● **Record set**:
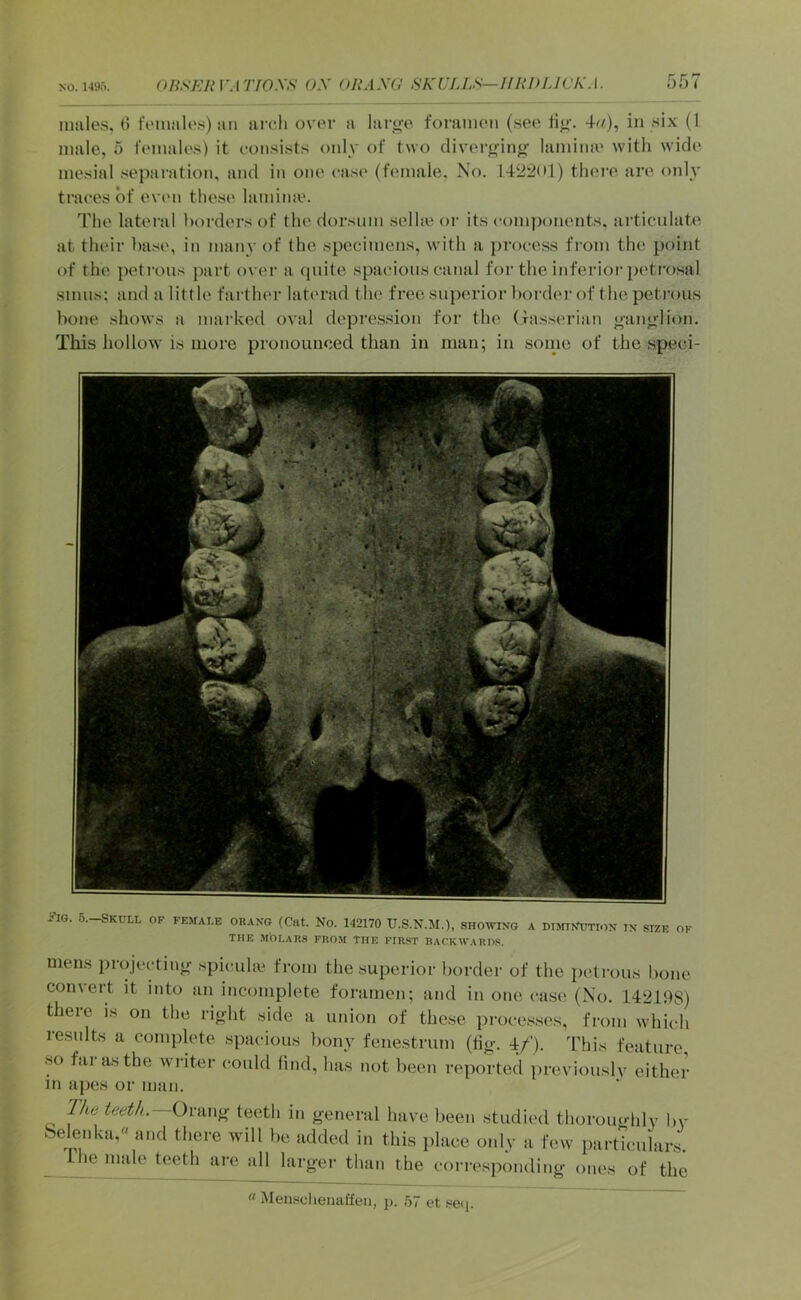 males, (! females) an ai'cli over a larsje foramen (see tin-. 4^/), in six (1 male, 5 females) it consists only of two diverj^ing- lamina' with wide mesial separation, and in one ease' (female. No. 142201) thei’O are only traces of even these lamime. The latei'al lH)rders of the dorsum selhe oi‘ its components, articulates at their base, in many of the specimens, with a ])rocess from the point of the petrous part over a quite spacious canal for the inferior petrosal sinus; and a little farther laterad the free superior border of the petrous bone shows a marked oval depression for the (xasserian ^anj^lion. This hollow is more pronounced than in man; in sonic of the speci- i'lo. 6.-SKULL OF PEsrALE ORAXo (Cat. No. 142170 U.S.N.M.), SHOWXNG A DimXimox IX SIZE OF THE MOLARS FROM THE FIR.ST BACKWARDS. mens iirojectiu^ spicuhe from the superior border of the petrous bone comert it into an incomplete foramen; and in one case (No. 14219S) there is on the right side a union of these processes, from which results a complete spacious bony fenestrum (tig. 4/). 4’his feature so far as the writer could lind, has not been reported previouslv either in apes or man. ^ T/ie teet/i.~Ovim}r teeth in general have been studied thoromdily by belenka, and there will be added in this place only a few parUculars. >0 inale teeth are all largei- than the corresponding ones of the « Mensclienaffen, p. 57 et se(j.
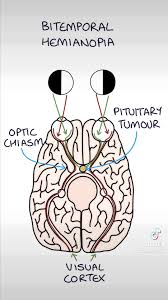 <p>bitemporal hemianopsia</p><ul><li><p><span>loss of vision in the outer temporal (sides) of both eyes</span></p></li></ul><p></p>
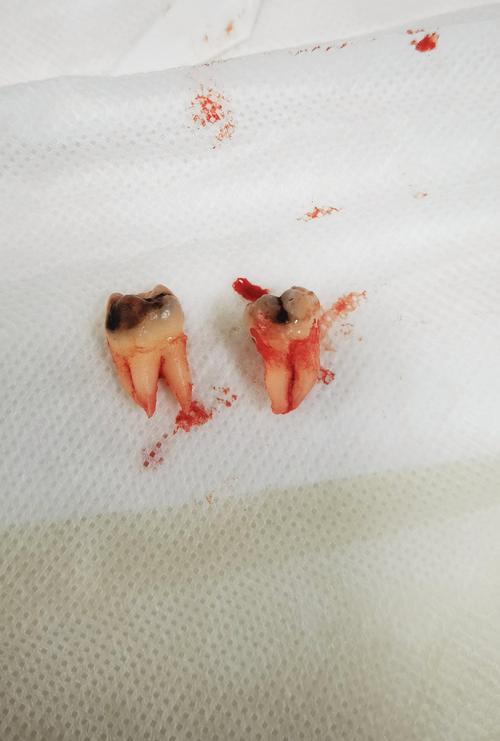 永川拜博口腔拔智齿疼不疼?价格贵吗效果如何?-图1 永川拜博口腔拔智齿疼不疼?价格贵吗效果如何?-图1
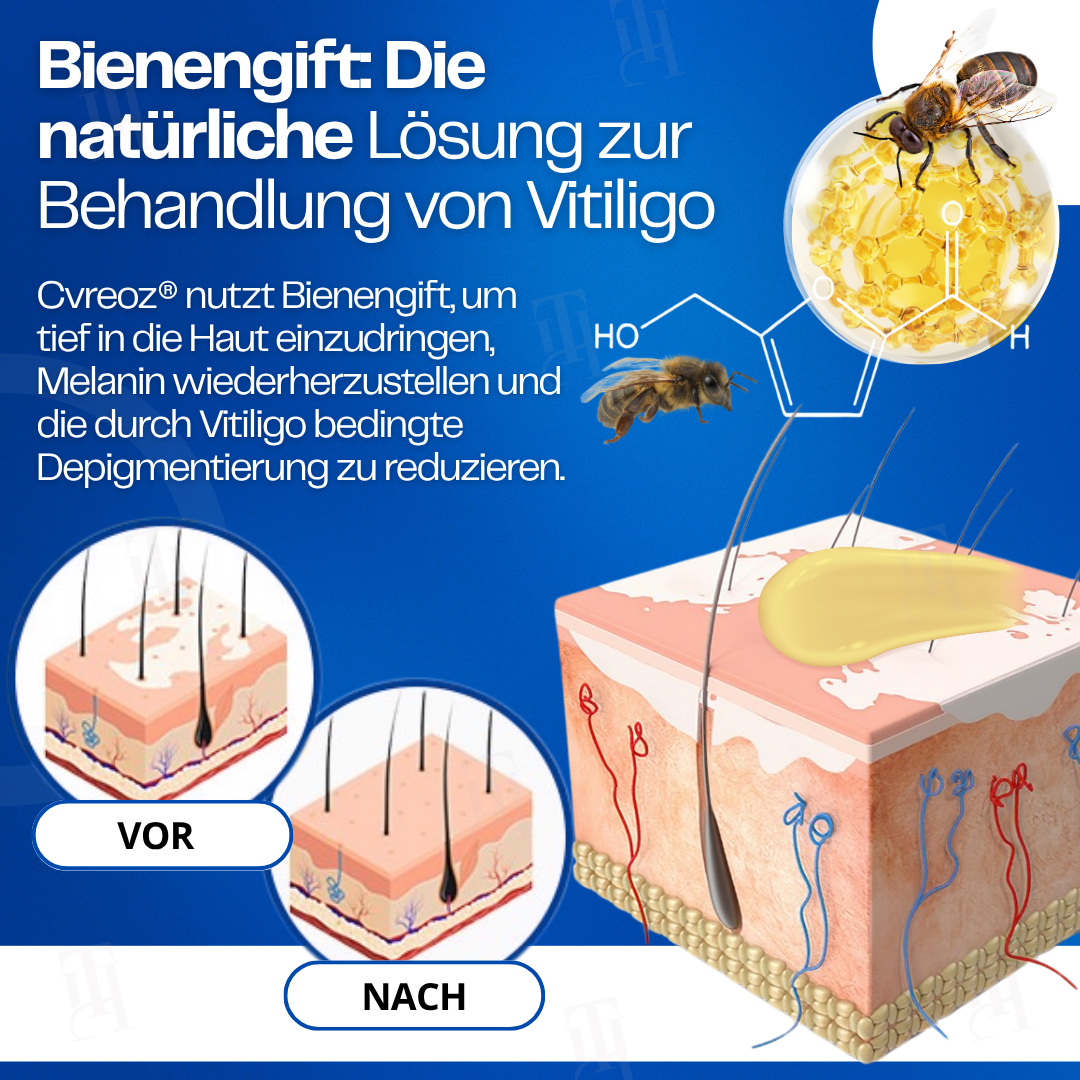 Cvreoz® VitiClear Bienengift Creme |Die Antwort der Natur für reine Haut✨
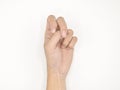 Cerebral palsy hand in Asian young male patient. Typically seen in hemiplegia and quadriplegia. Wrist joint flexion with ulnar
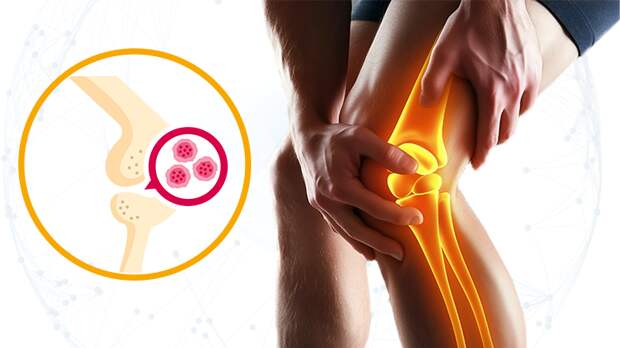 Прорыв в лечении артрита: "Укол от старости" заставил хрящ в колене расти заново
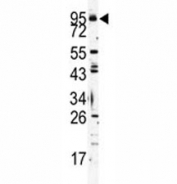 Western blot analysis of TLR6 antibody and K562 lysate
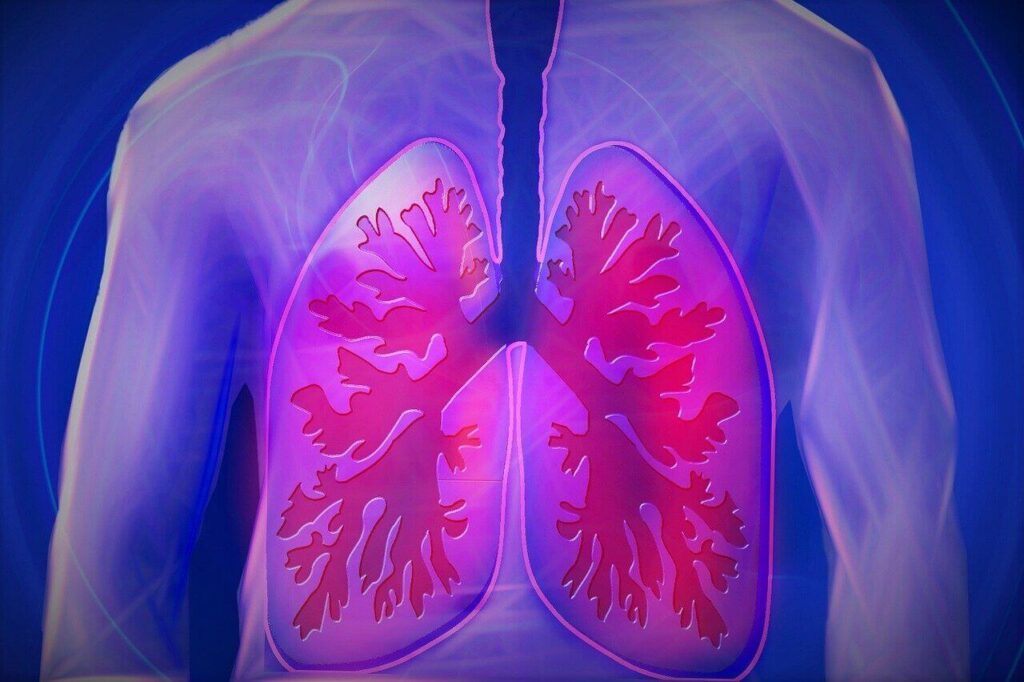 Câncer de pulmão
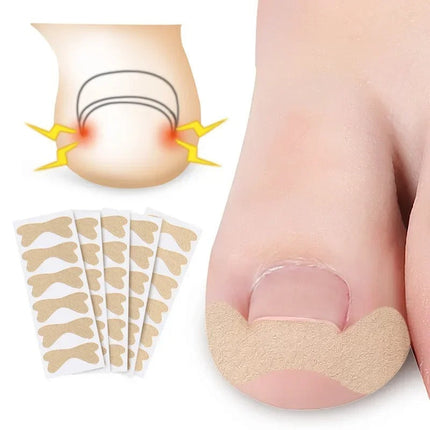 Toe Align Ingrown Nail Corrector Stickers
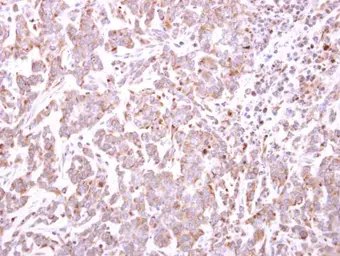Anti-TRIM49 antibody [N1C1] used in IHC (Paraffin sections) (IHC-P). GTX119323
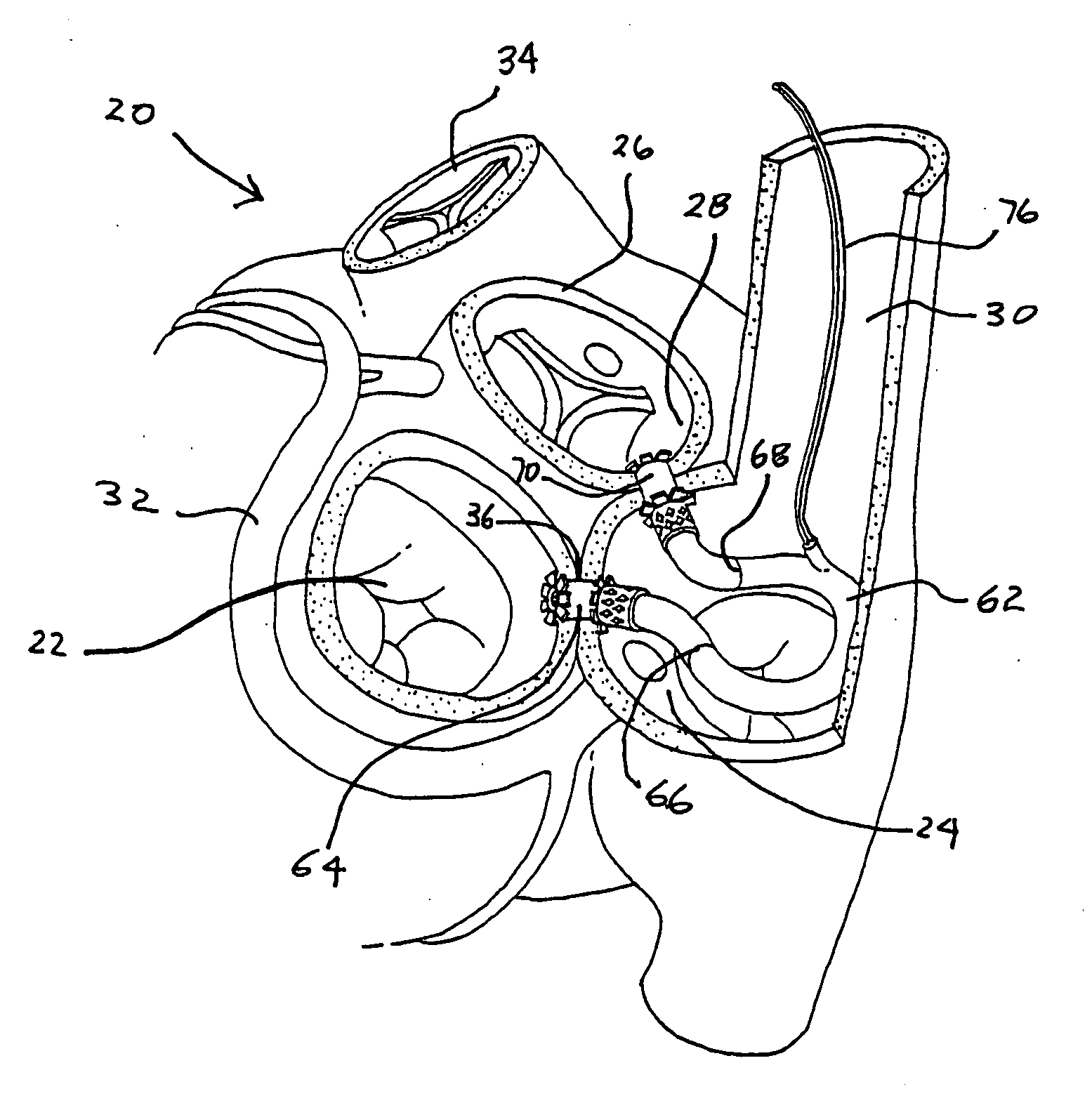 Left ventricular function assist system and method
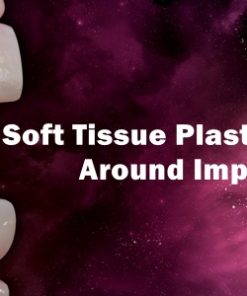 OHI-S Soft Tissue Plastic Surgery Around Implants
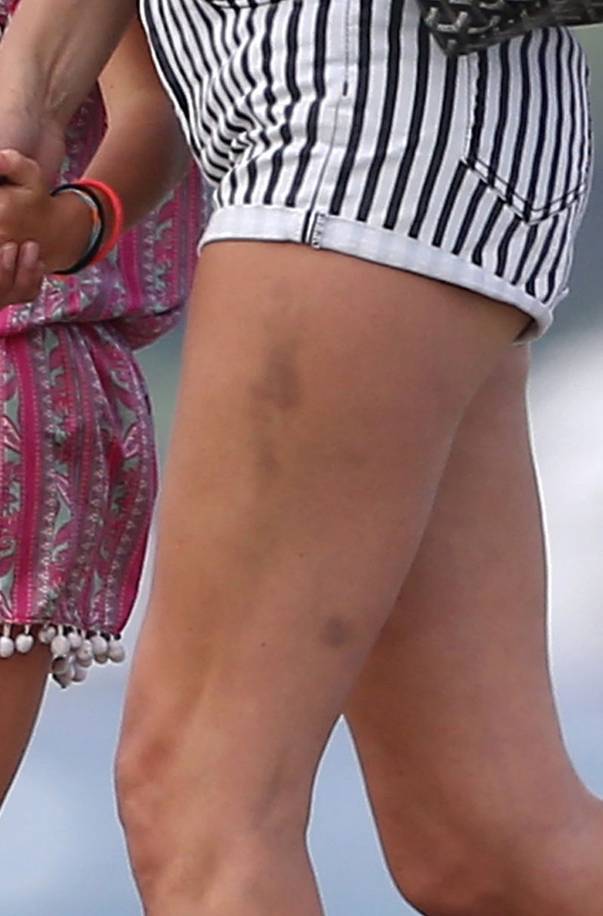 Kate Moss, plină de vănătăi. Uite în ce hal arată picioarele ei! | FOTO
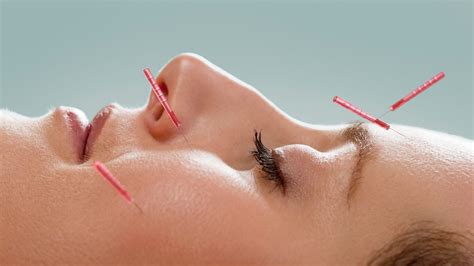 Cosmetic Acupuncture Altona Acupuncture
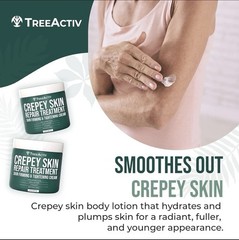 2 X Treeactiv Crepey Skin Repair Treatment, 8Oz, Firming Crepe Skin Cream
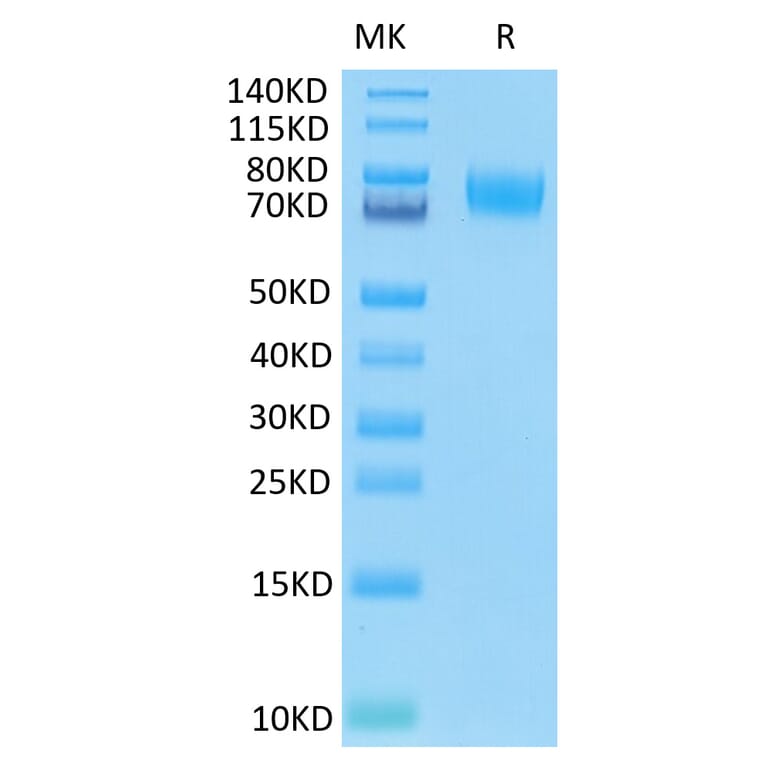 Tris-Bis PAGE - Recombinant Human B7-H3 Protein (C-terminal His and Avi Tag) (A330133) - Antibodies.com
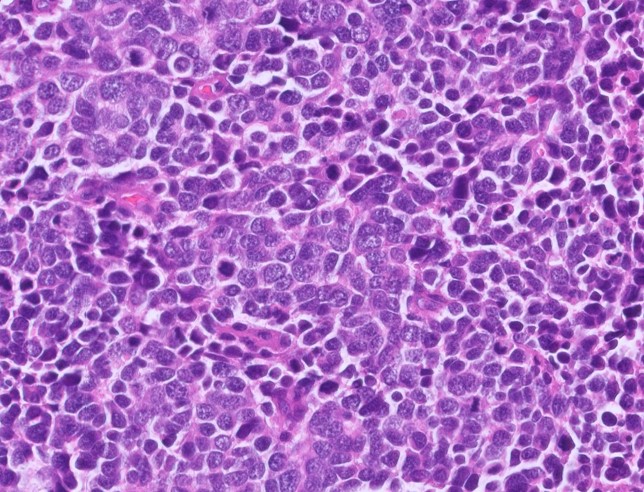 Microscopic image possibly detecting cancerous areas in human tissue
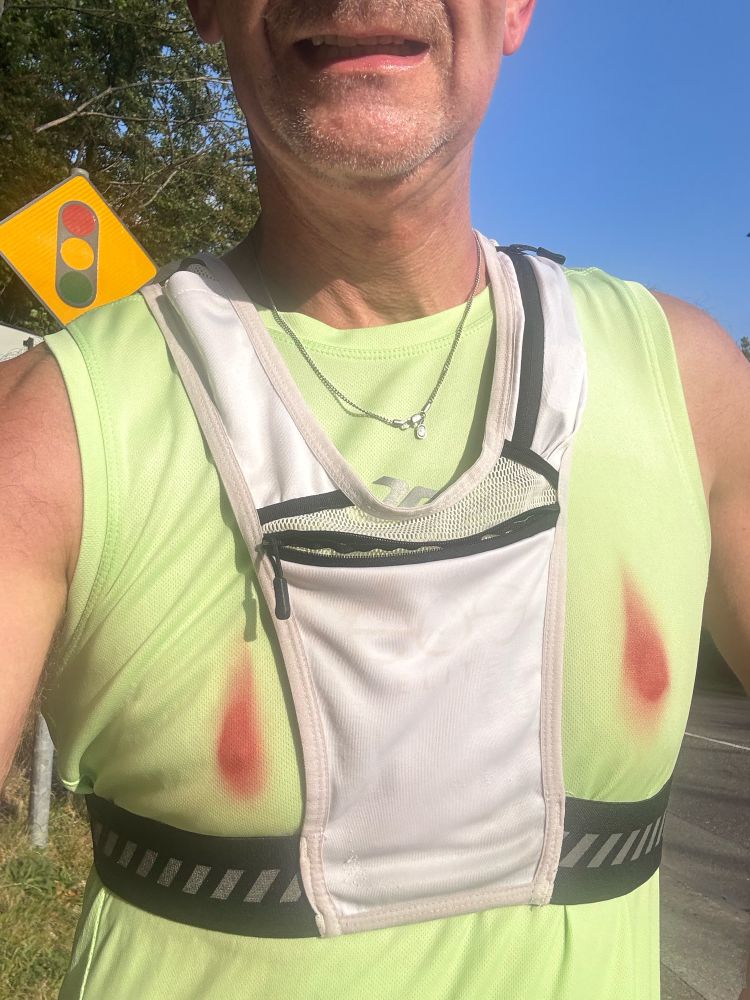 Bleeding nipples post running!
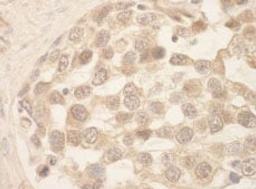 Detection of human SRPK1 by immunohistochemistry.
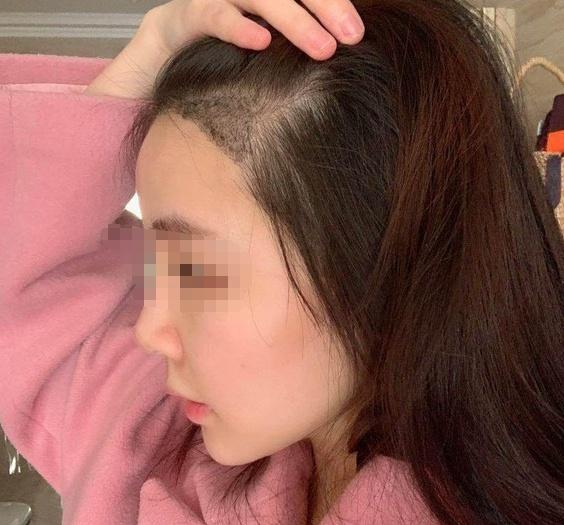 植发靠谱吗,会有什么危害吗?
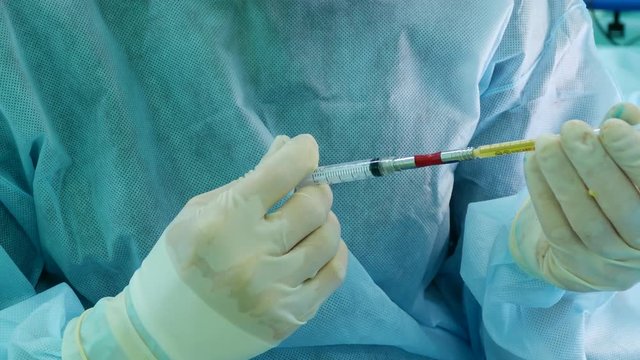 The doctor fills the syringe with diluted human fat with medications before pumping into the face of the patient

● **Exercise prompt**: Starting with the line that has "永川拜博口腔拔智齿疼不疼?价格贵吗效果如何?-图1 永川" and ending with the line that has "Microscopic image possibly", repeat the lines above exactly, omitting every picture.

● **Result**:
 永川拜博口腔拔智齿疼不疼?价格贵吗效果如何?-图1 永川拜博口腔拔智齿疼不疼?价格贵吗效果如何?-图1
 Cvreoz® VitiClear Bienengift Creme |Die Antwort der Natur für reine Haut✨
 Cerebral palsy hand in Asian young male patient. Typically seen in hemiplegia and quadriplegia. Wrist joint flexion with ulnar
 Прорыв в лечении артрита: "Укол от старости" заставил хрящ в колене расти заново
 Western blot analysis of TLR6 antibody and K562 lysate
 Câncer de pulmão
 Toe Align Ingrown Nail Corrector Stickers
Anti-TRIM49 antibody [N1C1] used in IHC (Paraffin sections) (IHC-P). GTX119323
 Left ventricular function assist system and method
 OHI-S Soft Tissue Plastic Surgery Around Implants
 Kate Moss, plină de vănătăi. Uite în ce hal arată picioarele ei! | FOTO
 Cosmetic Acupuncture Altona Acupuncture
 2 X Treeactiv Crepey Skin Repair Treatment, 8Oz, Firming Crepe Skin Cream
 Tris-Bis PAGE - Recombinant Human B7-H3 Protein (C-terminal His and Avi Tag) (A330133) - Antibodies.com
 Microscopic image possibly detecting cancerous areas in human tissue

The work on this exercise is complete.